When a couple’s financial priorities don’t line up, money can become a big problem in a loving relationship. In fact, experts have found that money issues are one of the leading causes of divorce. But it doesn’t have to be that way. Here are a few ways that you and your loved one can work together to improve your relationship with money and with each other.
Keeping financial problems hidden can impede your plans and potentially hurt your relationship. If you want to navigate your finances as a couple successfully, you must confide in and trust in each other. Discuss the financial concerns you may have and any money differences you had in your previous relationships. Start out by putting all your information on the table, including debt, income, the types of accounts you have, any property owned, obligations and so on. Being honest and transparent will give you and your partner a better idea of what is important and how to develop a financial partnership.
Would you like to pay off existing debt? Buy a home? Have kids? Own your own business? Travel the world? Save for retirement? Sit down with your significant other and discuss your financial priorities. Find out how your individual goals might sync up and figure out what steps you need to take to accomplish them as a couple.

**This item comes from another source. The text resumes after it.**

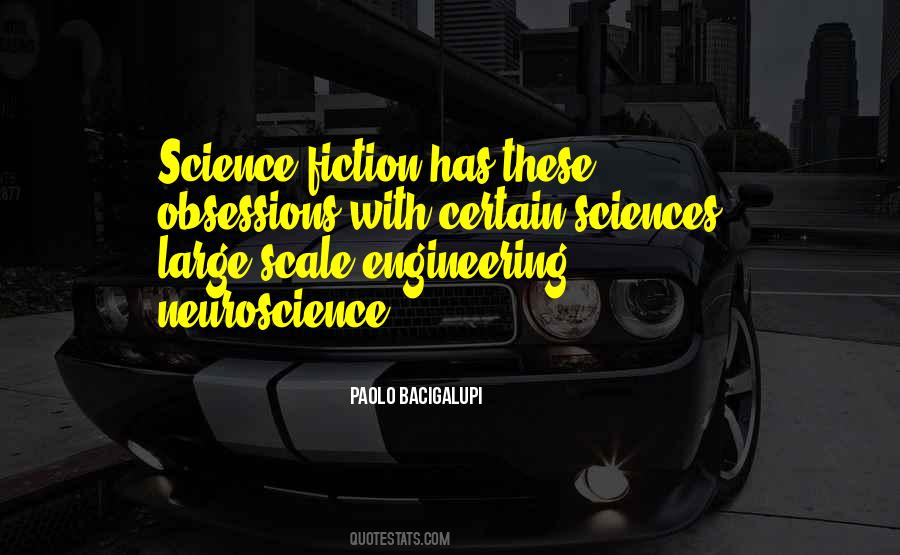 Kolourpaint Quotes #1231438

Tracking your spending as a couple is vital. You need to know where your money is going to create goals and build toward them financially. Start by creating a budget that sets amounts for expenditures and keeps track of what you spend each month. There are a variety of free apps that can make this easy. At the end of a month, take a look at what you spent and see if those numbers match up to the budgeted amounts. If they don’t, work together to figure out why and discuss how to improve in each category. After talking about expenses, adjust the numbers or the spending categories for next month. When your numbers start lining up, you know you have a solid budget.
Not every couple shares money the same way. Some opt to have a joint account, others prefer separate accounts, and many couples decide on a combination of the two. How you decide to handle your accounts is one of the most important decisions you’ll make. It’s also a decision that requires a lot of discussion. The first step is to agree on what expenses should be paid together. Make a detailed list of the expenses you think should be shared as a couple. You should also take time to discuss how much discretionary money each of you will have to spend. Make a list of what kinds of things each of you might spend money on personally to figure out the discretionary budgets. Once you agree, spending based on the discretionary funds should not be judged or argued. Each partner in the relationship should be free to spend that money as he or she sees fit. Discretionary funds can be allocated in your joint account, or you can create separate accounts for this money to be deposited every month.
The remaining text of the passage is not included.